Day two dawned clear and sunny and quite a bit warmer. We took off on bikes again, skipping the fun but time-eating ferry and driving in to a cheap ($5.00 per day) parking lot just outside the French Quarter.
My daughter, having recently travelled to New Orleans, recommended Betsy’s Pancake House on Canal Street in the Mid City neighborhood.
Betsy’s was yummy. Grits and blueberry pancakes were consumed as the clock read 12:12 on 12/12/12!
Next up was City Park and the Singing Oak. It was magical, standing under the massive tree, hung with wind chimes of all sizes! All tuned to the pentatonic scale.
Here’s a better video of the Singing Oak:
It being Wednesday, the New Orleans Museum of Art was free, so of course we checked it out.
Next up was a bicycle tour of the French Quarter.
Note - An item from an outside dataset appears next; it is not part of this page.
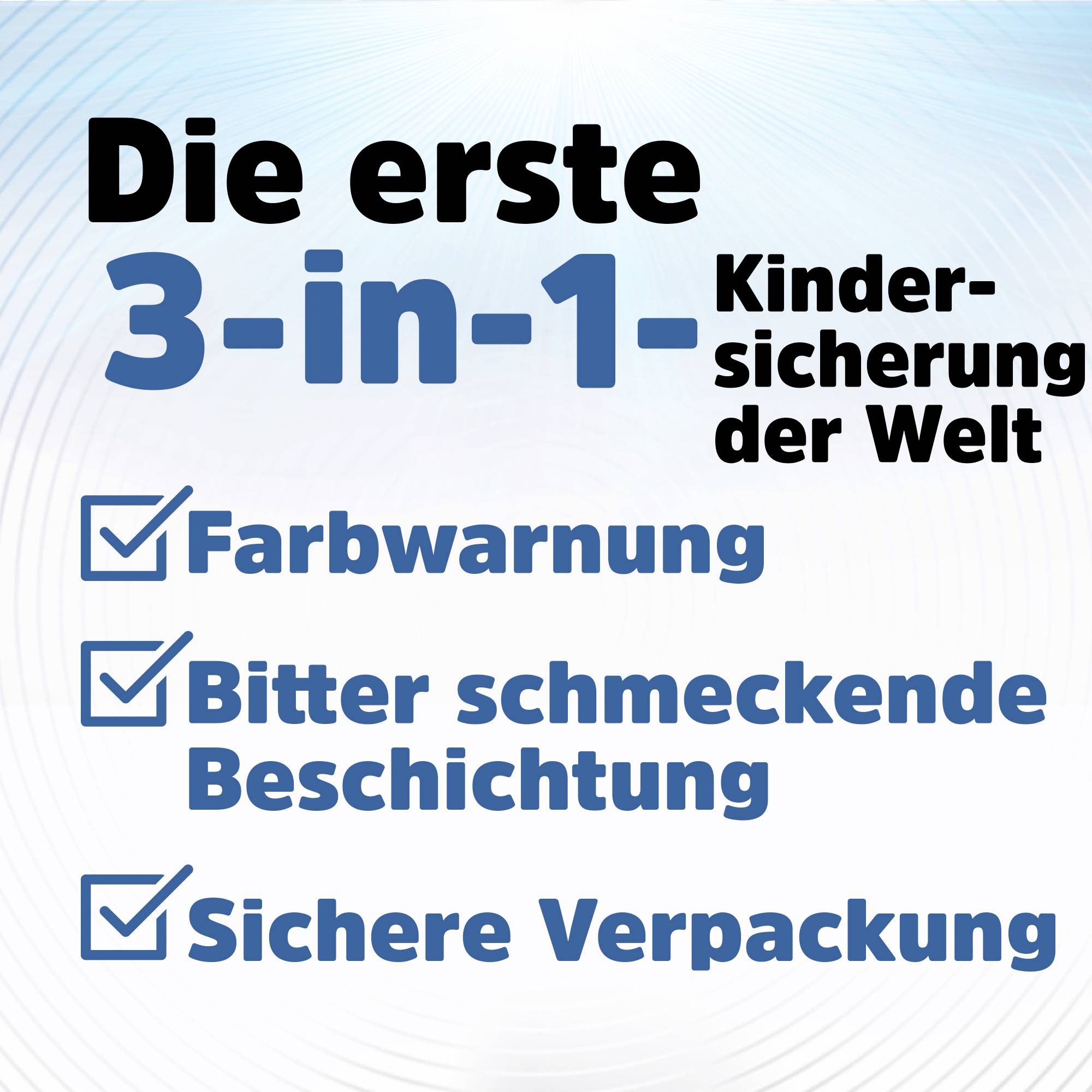 Die Grafik zeigt die erste 3-in-1-Kindersicherung der Welt mit den Merkmalen: Farbwarnung, bitter schmeckende Beschichtung, sichere Verpackung.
Bourbon street was hopping at two in the afternoon! The party, apparently, never ends.
Lastly, we took refreshments at Cafe du Monde. Cups of Cafe au Lait were raised in memory of my dear mom, who loved the beignets and coffee so much she would visit the Cafe more than once on each visit to New Orleans.
On the way back to St Bernard park, we went over the Claiborne Street bridge.
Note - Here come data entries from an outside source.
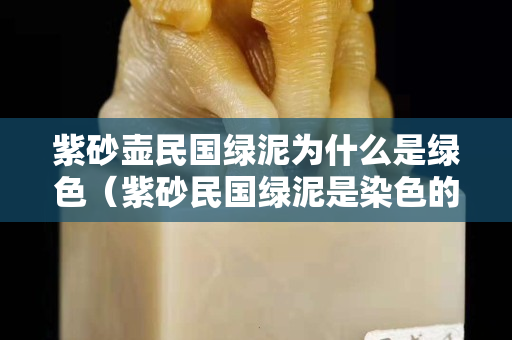 紫砂壺民國綠泥為什么是綠色（紫砂民國綠泥是染色的嗎）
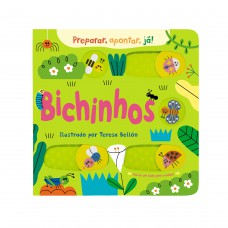 Bichinhos (coleção Preparar, Apontar, Já!) - Um Livro Interativo E Divertido Para Pequenos Leitores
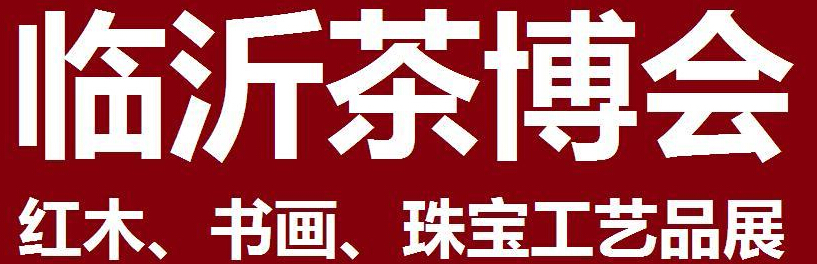 2014第四屆中國（臨沂）茶文化博覽會暨紅木家具、書畫、珠寶工藝品展<br>2014第五屆中國（臨沂）商博會---專題展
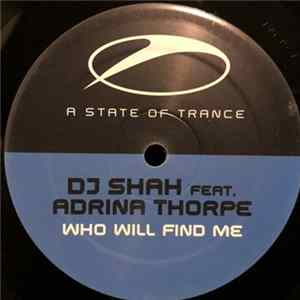 DJ Shah Feat. Adrina Thorpe - Who Will Find Me FLAC album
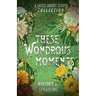 These Wondrous Moments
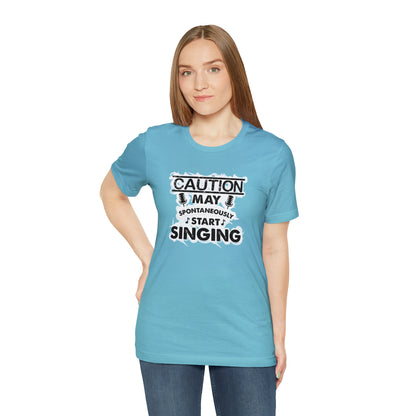 Caution May Spontaneously Start Singing T-Shirt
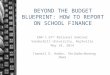 BEYOND THE BUDGET BLUEPRINT: HOW TO REPORT ON SCHOOL FINANCE
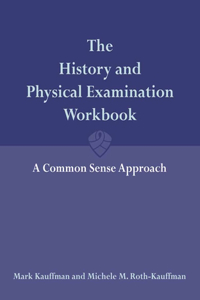 History and Physical Examination Workbook: A Common Sense Approach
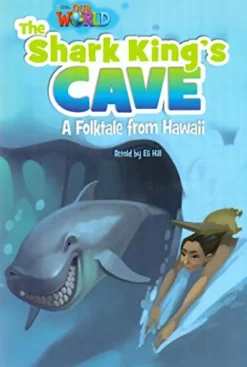 OUR WORLD (AE) 6 THE SHARK KING´S CAVE READER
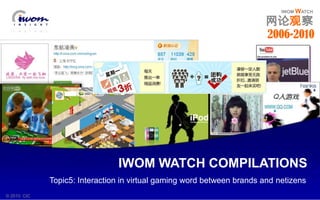 IWOMWATCH 网论观察 2006-2010 IWOM WATCH COMPILATIONS Topic5: Interaction in virtual gaming word between brands and netizens © 2010  CIC 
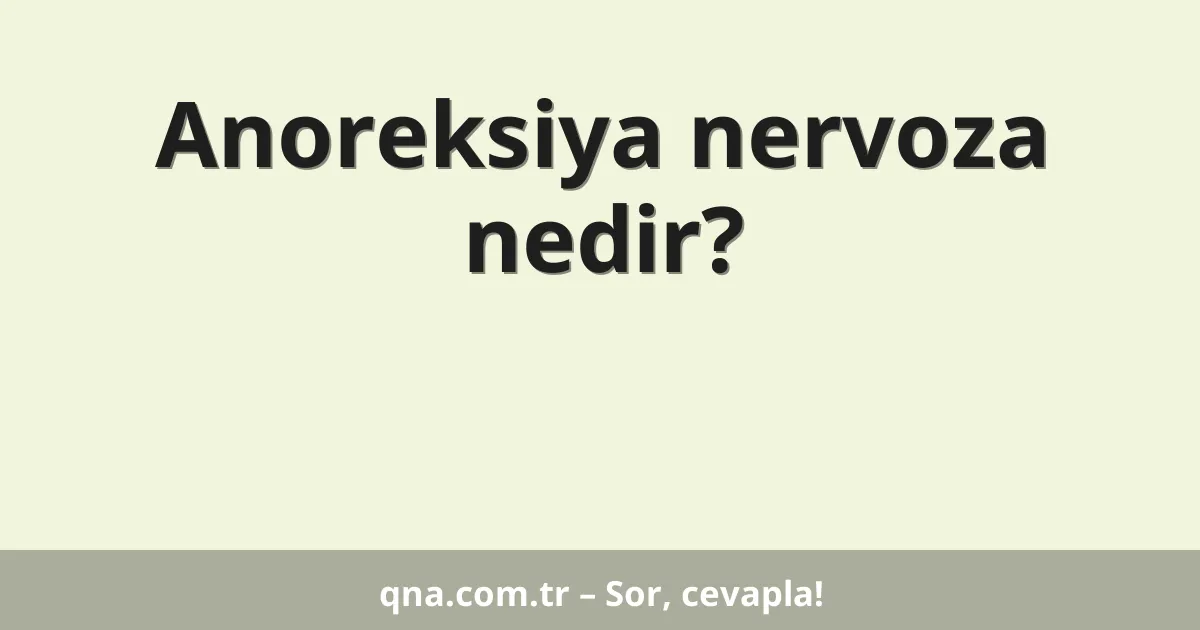 Anoreksiya nervoza nedir?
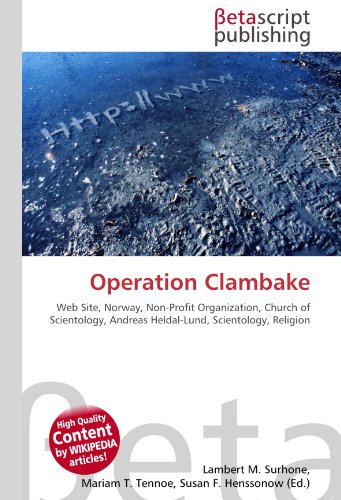 9786130528799: Operation Clambake: Web Site, Norway, Non-Profit Organization, Church of Scientology, Andreas Heldal-Lund, Scientology, Religion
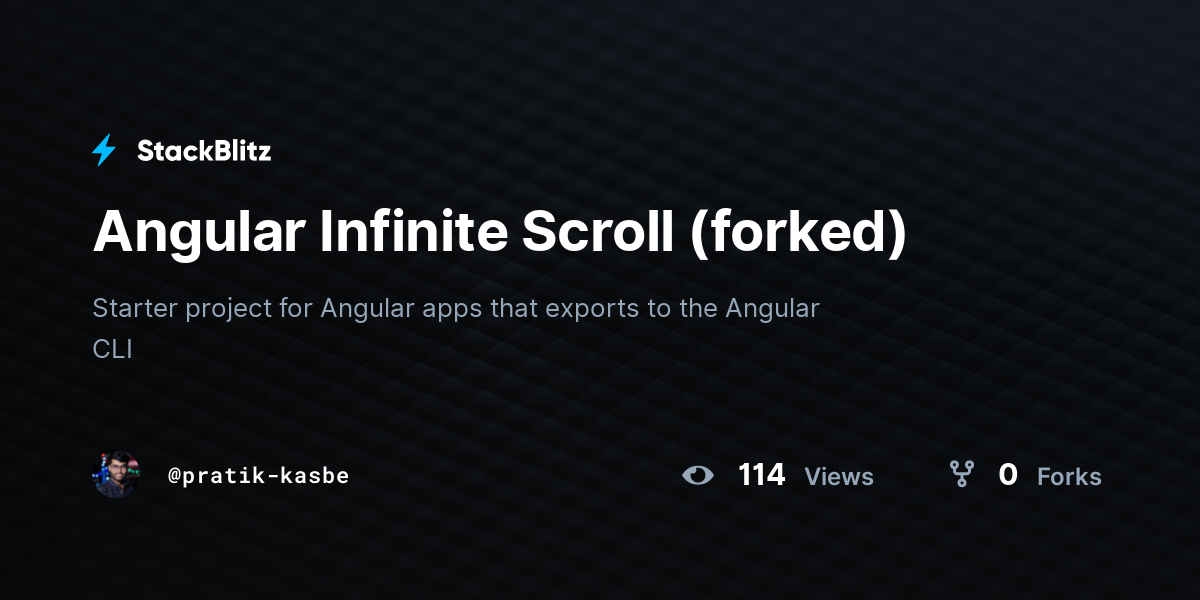 Angular Infinite Scroll (forked) - StackBlitz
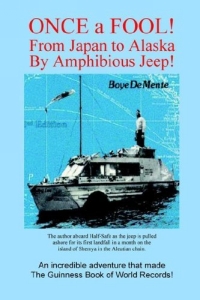 Once a Fool - From Tokyo to Alaska by Amphibious Jeep Издательство: DBA Phoenix Books, 2005 г Мягкая обложка, 168 стр ISBN 0914778048 инфо 8488a.
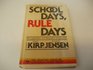School Days Rule Days The Legislation and Regulation of Education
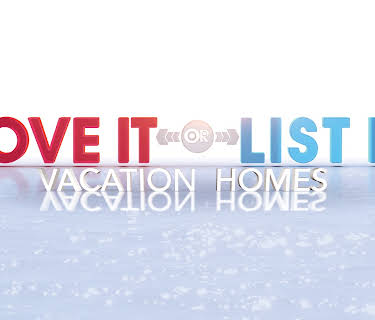 Love It Or List It: Vacation Homes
I had read about Brad Pitt’s work for Katrina victims and hoped that we would see some of the houses that his foundation is building.
If you click on the bottom photo to open it, you can see the rebuilt Ninth Ward.
Man, you guys make due. Self sufficiency and not afraid to make things work. I envy it and love it. God bless and still love the blog!
Thanks Vince, say hi to Maria, Olivia, and Julia! A big guy strong today, upon hearing our story, said; “You’re a lot braver than I”…
David and Jane – It is fun to read about your adventures! I can’t believe you are missing all the fun here! we miss you guys!
Hi Megan! We are missing the fight for the park! I wrote a few emails but it’s not the same as being there. Thanks so much for all you are doing!
We sure miss YOU all! Great to see Charlie riding that raccoon still. Thats my favorite ride too, just have to hold on really tight. We are also glad you all are there fighting the good fight. Jane wrote her letter immediately.
Who advised you to avoid the 9th ward? and why?
Well…the Ginger the ranger at St Bernard State park made mostly “Positive” suggestions, but did “X” out some areas on the cartoon map…and we may have remembered the 9th Ward from the news. We made our way through a lot of other unseemly places though. Just keep swimming, just keep swimming. We saw lots of things the tourists and Interstates wouldn’t have shown.